Medievo

En un arriesgado ejercicio de comparación histórica que igual no es tal, esta época que nos ha tocado vivir se parece más al medievo que al siglo XXI de un futuro que ya es presente, da igual si utópico o distópico; la confusión del personal, a falta de proyectos o líderes más o menos sólidos o con capacidad de ilusionar mediante empresas, da igual el plazo, esperanzadoras, parece endémica, la desorientación se generaliza y la ignorancia se multiplica por doquier. Fracasadas las visionarias distopías de aquellos gurús de la economía, o directamente sinvergüenzas adocenados del dinero a los que les importaba un pimiento la vida de la plebe, como fueron Hayek y Friedman, que han dejado este mundo hecho unos zorros, con una gran mayoría de la población viviendo peor y sabiendo y confiando cada vez menos, amén de vigilados, explotados, exprimidos y expulsados de los salones de la aristocracia del dinero, carne digital de cañón, el panorama es desolador.

Las religiones, mejor, la superstición vuelve a regir las voluntades, se mira hacia atrás buscando en la sagrada ignorancia de padres y abuelos una seguridad que hoy no es tal, una forma de vencer el miedo al futuro de no tener futuro. Los líderes de la actualidad son cada vez más básicos y cafres, estúpidos o directamente maleantes que se dirigen a sus ciudadanos o votantes como si fueran imbéciles, mintiendo y engañando sin pudor porque en la desconfianza general, subrepticiamente impuesta, nadie es de fiar, tampoco los que, apelando a la razón, los hechos y el sentido común, intentan con los datos en la mano que alguien les preste atención y con ello intentar enderezar el rumbo.

Sin embargo, hoy no hay milenarismos ni milenaristas que vendrán a salvar a la humanidad de este caos impuesto, queda, en cambio, la ignorancia y la sumisión permanente a una realidad digital que ejemplariza este nuevo medievo, una sucesión de aplicaciones, enlaces, casi divinos, imágenes y vídeos que asesinan el tiempo a medida que vacían el cerebro.
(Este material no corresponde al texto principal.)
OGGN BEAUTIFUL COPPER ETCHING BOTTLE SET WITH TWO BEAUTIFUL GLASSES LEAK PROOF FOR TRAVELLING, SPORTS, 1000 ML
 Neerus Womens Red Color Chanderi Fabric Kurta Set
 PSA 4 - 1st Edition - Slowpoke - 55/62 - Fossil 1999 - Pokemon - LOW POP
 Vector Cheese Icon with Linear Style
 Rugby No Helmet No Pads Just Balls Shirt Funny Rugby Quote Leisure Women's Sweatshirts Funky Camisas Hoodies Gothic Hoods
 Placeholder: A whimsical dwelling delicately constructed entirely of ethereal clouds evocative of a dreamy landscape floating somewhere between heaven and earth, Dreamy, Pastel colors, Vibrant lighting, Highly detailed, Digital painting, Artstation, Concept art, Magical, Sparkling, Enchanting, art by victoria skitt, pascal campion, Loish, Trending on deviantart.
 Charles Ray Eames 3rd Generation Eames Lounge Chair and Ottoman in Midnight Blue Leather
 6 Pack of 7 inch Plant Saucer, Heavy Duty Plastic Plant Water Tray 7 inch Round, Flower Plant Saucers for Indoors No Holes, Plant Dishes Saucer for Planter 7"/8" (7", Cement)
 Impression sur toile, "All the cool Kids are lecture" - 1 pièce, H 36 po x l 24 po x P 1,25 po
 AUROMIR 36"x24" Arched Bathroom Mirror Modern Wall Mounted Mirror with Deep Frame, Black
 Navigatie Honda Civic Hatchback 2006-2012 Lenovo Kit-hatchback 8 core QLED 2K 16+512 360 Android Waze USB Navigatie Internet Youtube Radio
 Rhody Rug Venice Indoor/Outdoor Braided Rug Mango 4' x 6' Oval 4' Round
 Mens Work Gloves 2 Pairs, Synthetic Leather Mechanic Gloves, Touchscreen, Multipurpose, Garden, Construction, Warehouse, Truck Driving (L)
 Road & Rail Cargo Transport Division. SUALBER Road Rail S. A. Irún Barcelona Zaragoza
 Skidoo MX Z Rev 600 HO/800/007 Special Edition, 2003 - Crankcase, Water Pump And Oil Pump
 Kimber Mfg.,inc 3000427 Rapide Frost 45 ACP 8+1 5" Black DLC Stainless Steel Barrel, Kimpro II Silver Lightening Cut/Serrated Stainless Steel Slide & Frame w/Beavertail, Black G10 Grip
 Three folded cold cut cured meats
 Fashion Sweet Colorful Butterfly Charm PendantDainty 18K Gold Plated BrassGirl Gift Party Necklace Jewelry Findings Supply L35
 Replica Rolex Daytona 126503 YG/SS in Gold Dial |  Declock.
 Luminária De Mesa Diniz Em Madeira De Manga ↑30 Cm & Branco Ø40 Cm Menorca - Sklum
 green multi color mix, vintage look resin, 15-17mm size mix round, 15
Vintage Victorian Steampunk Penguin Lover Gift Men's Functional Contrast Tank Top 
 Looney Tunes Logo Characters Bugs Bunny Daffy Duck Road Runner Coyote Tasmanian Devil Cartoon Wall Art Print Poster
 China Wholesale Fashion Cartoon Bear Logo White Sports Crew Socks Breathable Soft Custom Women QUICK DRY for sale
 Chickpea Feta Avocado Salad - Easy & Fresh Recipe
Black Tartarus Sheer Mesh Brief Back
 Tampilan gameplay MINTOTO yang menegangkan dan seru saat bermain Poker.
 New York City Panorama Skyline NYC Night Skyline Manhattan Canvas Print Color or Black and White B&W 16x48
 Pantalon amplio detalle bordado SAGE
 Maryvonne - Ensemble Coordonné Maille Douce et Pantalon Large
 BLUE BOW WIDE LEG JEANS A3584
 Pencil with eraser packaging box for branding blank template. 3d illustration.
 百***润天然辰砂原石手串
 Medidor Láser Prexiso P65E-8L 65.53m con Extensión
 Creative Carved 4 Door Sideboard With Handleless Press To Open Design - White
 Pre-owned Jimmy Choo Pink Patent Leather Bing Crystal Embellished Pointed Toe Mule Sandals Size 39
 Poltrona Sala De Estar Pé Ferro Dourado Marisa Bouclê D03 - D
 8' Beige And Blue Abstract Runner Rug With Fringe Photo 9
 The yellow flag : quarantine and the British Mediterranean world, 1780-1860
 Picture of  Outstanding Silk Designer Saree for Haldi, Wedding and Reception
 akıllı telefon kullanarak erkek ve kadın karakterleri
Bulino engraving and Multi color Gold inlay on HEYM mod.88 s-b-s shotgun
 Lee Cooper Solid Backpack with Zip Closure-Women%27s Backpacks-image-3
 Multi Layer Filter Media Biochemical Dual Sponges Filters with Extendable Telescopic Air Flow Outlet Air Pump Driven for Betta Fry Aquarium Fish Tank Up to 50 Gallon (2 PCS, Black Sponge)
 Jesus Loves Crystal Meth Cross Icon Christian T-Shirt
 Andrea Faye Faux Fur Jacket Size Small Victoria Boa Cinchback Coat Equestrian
Hoy domina esa inmediatez medieval de buscarse la vida por uno mismo a costa de quien o lo que sea, la sangrienta seguridad de los míos, contra viento y marea si ese preciso, pero sin la rudimentaria candidez de entonces, embebidos en infinitas islas digitales que nos muestran en un interminable bucle un mundo mágico, casi sagrado, que no existe ni existirá, únicamente visible a través del dispositivo que expertamente manipulamos, una experiencia tan básica como inútil porque, llegado el caso de no poder disponer de esa imaginaria realidad, nos mataría de hambre porque no sabríamos cómo vivir y desenvolvernos sin él. El cielo y el infierno de entonces, contado y mostrado mediante historias, leyendas e imágenes que la aristocracia medieval se encargaba de distribuir entre los siervos con tal de tenerlos tan entretenidos como atemorizados, hoy se difunden vía digital, hasta el punto de que, como dijo un asesor de Obama allá por el año 2008: “sabemos a quién va a votar la gente antes incluso de que lo hayan decidido”.